The female bryoniae is totally unlike the others. The ground colour is a full yellow, and each nervure is thickly irrorated with a brown pigment often spreading so far as to hide the ground almost entirely in the fore-wings. The males corresponding with these females are not certainly distinguishable from those of our own napi. Both sexes have the green veining of the underside of the hind wing fully developed, rather more than is usual in the lowland races, but this is not really diagnostic of the variety. The first serious difficulty arises in regard to the second brood of bryoniae. It is stated that there is only one brood,[16] but I feel fairly sure that a second brood is sometimes produced, and that the females with a yellow ground and diminished irroration of the veins, not very uncommon in the Italian Alps in July to August, are generally representatives of it. Such insects would of course be classed with bryoniae in collections.

My experiments began with eggs of true bryoniae females caught at about 2,500 feet early in July. These emerged in August-September as intermediates with yellow ground and about half as much black on the upper surface as bryoniae.
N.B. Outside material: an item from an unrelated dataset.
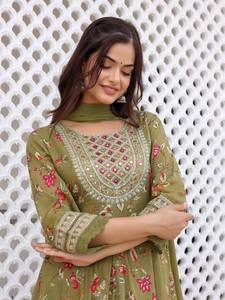 Kurta de algodón puro regular con estampado floral con pantalones y Dupatta - Product Image 3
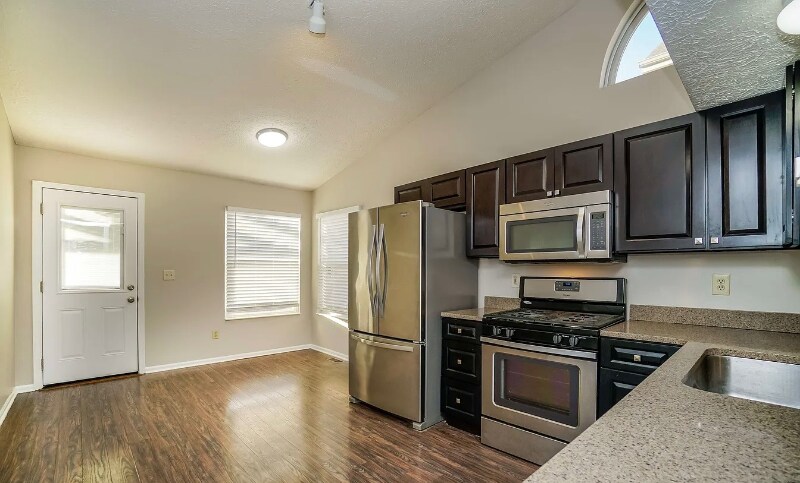 Building Photo - 1496 Meadowlark Ln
They are exactly like the intermediates usually found in nature and in the light of later experience I regard them as natural F1 forms, and I think the mothers had been fertilised by napi males, though I admit that in view of the rarity of natural intermediates there is a difficulty in this suggestion. Three of these females were mated with males raised from thorough meridionalis females, and three families were produced. Two of them showed distinct evidence of segregation, some being yellow and some white with various intergrades, some being no blacker than meridionalis and some ranging up to a dark intermediate type. Part emerged in the same autumn; and part overwintered, emerging as the spring meridionalis or as the peculiar type which I afterwards learnt to know as the spring F1 form. The distinctions were fairly sharp between the several forms. But the offspring of the third female gave a series practically continuous from meridionalis to the F1 type. The work of subsequent years gave results similarly irregular which could only be described adequately at great length. The outcome may however be summed up in the statement that there is evidence that both the yellow ground and the dark veining are due to factors, but that there are several of these and that imperfect segregation is not uncommon, producing various reduction-stages. The yellow ground may be due to one factor, and the several shades may be the result of irregularities in dominance, but the black markings when fully developed cannot I think be the result of less than three factors, one for the basal darkening, one for general irroration, and one for the margins. Probably also the enlargement of the spots is produced by a fourth factor.